- [WORK TO COMPLETE]
Wherever a line of the records contains "Dress", copy that line.

- [RECORDS PROVIDED]
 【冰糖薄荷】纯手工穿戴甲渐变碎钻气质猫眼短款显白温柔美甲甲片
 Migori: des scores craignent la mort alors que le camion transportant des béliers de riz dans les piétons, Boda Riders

==

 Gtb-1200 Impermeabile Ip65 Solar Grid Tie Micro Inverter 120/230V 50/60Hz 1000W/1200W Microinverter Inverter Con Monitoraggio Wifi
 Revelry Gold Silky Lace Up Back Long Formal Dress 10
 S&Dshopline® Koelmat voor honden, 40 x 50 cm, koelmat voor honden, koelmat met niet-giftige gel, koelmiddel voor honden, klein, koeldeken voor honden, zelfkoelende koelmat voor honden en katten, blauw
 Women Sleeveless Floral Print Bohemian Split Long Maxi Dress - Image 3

==

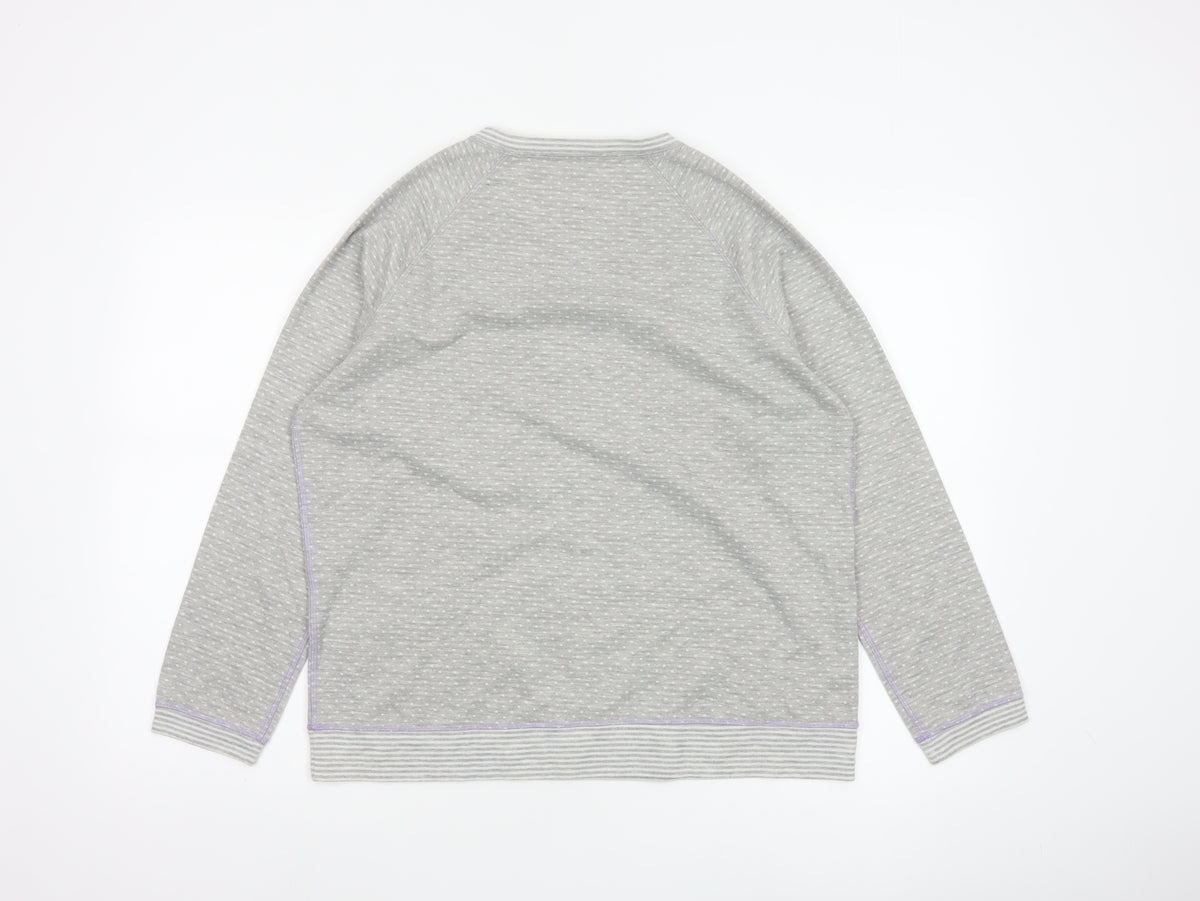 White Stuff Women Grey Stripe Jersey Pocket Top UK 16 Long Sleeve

- [ANSWER BOX]
 Revelry Gold Silky Lace Up Back Long Formal Dress 10
 Women Sleeveless Floral Print Bohemian Split Long Maxi Dress - Image 3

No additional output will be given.